O resto é silêncio!
O resto é silêncio!
Muitos anos se passaram, mas ela ainda conservava na memória de seus sentidos, a fortaleza de seu abraço, a leveza de suas carícias quando suas mãos passeavam por todo seu corpo, fazendo sua pele se arrepiar de desejo e prazer. Juliete carregava em sua alma, uma sensibilidade nata, uma coragem poderosa, e a profundidade de sentimentos que ela sabia ocultar perfeitamente, cerrando as pálpebras escuras em contraste com um par de olhos verdes, misteriosos e insondáveis como o mar em tardes de tempestade.
Estava com trinta e oito anos. Uma mulher no auge de sua juventude e beleza. Perseguira com dignidade e decência os sonhos de ter uma boa profissão, uma carreira sólida, e certa segurança financeira.

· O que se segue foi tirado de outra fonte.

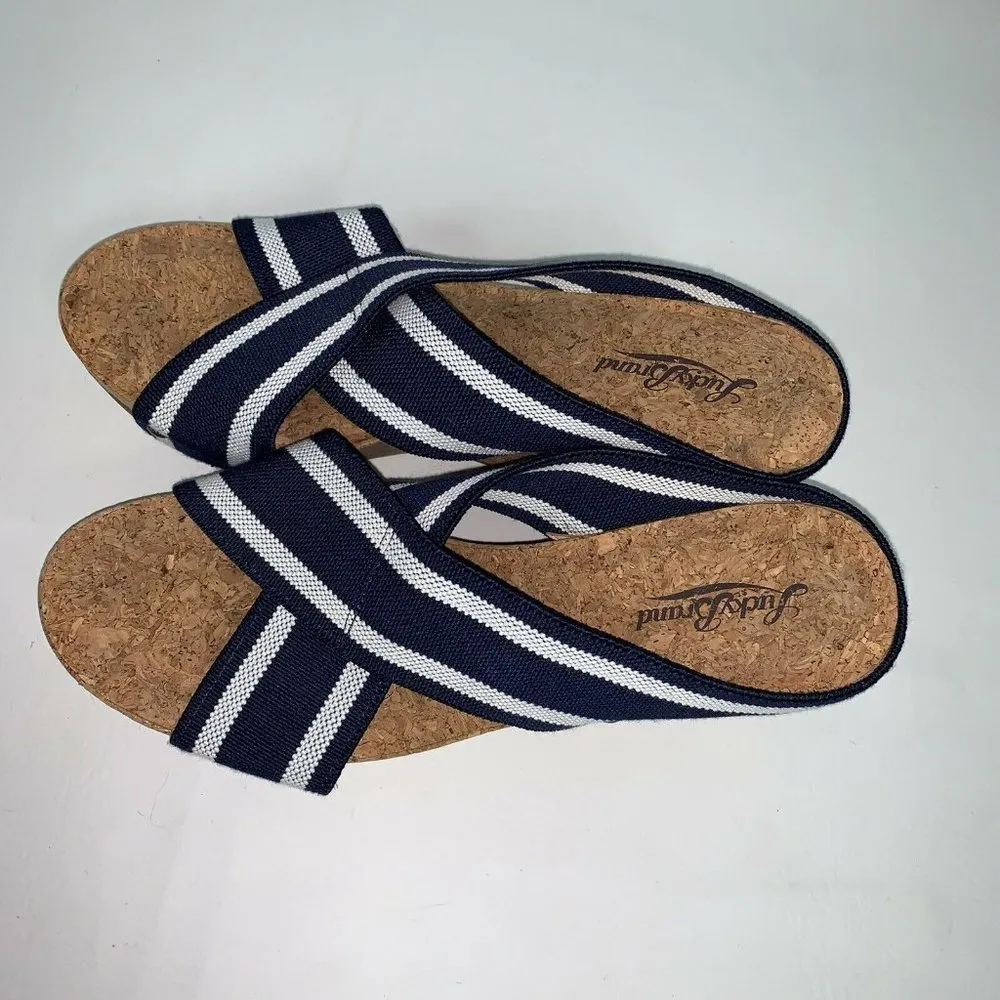 Lucky Brand Miller 2 Womens Tan Cork Wedges 8.5 Blue White Sandals Heels Shoes - Image 3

Conquistou-os um a um, em pequenos e difíceis passos ao longo de sua trajetória. Jamais se sentiu desanimada diante de qualquer dificuldade ou obstáculo. A tarefa mais difícil tinha sido sua própria escolha: educar, alimentar e manter sozinha, seu único filho Henrique.
Na vida, quando pensamos que o castelo está pronto, ele se desmorona facilmente, aos nossos olhos, com a mais leve rajada de vento. Henrique estava com vinte e três anos. Acabava de concluir o curso de Medicina e pela primeira vez na vida queria saber quem era seu pai.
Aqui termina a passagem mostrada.